When high school graduates in the United States head off to college or work, Israeli graduates enter the military. Men are required to serve for three years and women for two. Men remain in the reserves until they are 40.

This is the price demanded to live in a neighborhood where most people are committed to your annihilation. The IDF protects, secures, and fights for Israel.

Jane’s Information Group, a British publisher specializing in military topics, considers the IDF the most powerful military in the Middle East, with 176,500 active frontline personnel. That is quite a feat for a nation of merely 6.5 million Jewish people.

The IDF also includes about 6,000 lone soldiers—Jewish young people who move to Israel all alone, without family, specifically to serve in the military.

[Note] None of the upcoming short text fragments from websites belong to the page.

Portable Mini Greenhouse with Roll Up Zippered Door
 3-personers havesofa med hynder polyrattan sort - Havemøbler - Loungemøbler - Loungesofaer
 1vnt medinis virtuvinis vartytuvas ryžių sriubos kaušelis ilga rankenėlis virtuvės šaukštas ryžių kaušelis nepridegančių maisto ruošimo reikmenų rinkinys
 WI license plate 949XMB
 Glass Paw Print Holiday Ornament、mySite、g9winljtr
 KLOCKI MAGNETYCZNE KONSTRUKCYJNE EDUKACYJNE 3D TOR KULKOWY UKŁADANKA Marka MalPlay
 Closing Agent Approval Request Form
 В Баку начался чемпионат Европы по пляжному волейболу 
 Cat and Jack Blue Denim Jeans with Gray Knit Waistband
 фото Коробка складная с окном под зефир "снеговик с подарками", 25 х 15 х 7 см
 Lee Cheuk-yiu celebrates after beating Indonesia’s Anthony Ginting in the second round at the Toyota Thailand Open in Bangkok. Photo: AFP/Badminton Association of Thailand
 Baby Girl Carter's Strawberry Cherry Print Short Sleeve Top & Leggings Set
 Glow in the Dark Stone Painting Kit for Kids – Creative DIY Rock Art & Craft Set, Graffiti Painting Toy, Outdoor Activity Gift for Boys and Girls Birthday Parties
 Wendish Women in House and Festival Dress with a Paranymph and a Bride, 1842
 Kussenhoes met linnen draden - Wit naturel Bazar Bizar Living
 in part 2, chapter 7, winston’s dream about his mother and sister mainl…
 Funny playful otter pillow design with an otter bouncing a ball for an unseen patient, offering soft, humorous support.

What would motivate an 18- or 19-year-old to leave the comforts of home to travel to faraway Israel to be a soldier? On our October Up to Jerusalem tour, we were privileged to meet with two lone soldiers. They are sisters Leigh and Shiri Lasman who grew up in Cherry Hill, New Jersey. Both moved to Israel after graduating from high school. I wish you could have been with us to hear them tell of their love for Israel, the homeland of their fathers.

Shiri, a trainer in the Israeli Air Force, composed the following lines in the few free minutes she had before talking to our group. It reveals her heart and the challenges and rewards of what it means to be a lone soldier. With her permission, I share it with you:

To be a lone soldier,

To pack two suitcases at the age of 18.

To say goodbye to your parents, your friends, your boyfriend and get on a plane from New York to Ben Gurion Airport, Tel Aviv, with no ticket back. To go to a place that feels like home and that has changed a lot since you last were here. To get down from that plane and see millions of Israeli flags waving at you, and many smiles.

To enlist in the army, full of motivation and have to explain to the Israeli girls, over and over, why you would do such a crazy thing. Why, instead of going to college and getting a degree earlier, you’re volunteering two years of your life to the army.

On weekends, instead of throwing your bag on the floor and giving your laundry to mom, you have to manage your bank account, and do your own laundry, even though you have no idea how.

To make a million mistakes and learn from them. To grow up with no choice. To be independent.

To close Shabbat on base and hope that maybe mom is going to surprise you with your favorite food, like the other moms do.

To constantly remind yourself why you came, when things get a little hard.

To feel that no matter how far away from home you are, you’re already home.

To grow up and learn things about yourself you never knew before. To be independent. To know that after this service, there is nothing in this world you can’t do.

To understand that not only does this country need you, but you need it too.

To be a lone soldier.

Thank you, Shiri, Leigh, and all who serve in the IDF, both active and reserve. God uses your service to preserve Israel in a dangerous neighborhood and to make it possible for people to visit the Holy Land in safety.

A portion of the money given to our Israel Relief Fund supports the Lone Soldier Center in honor of Michael Levin (lonesoldiercenter.com) to help these brave young men and women who serve as lone soldiers.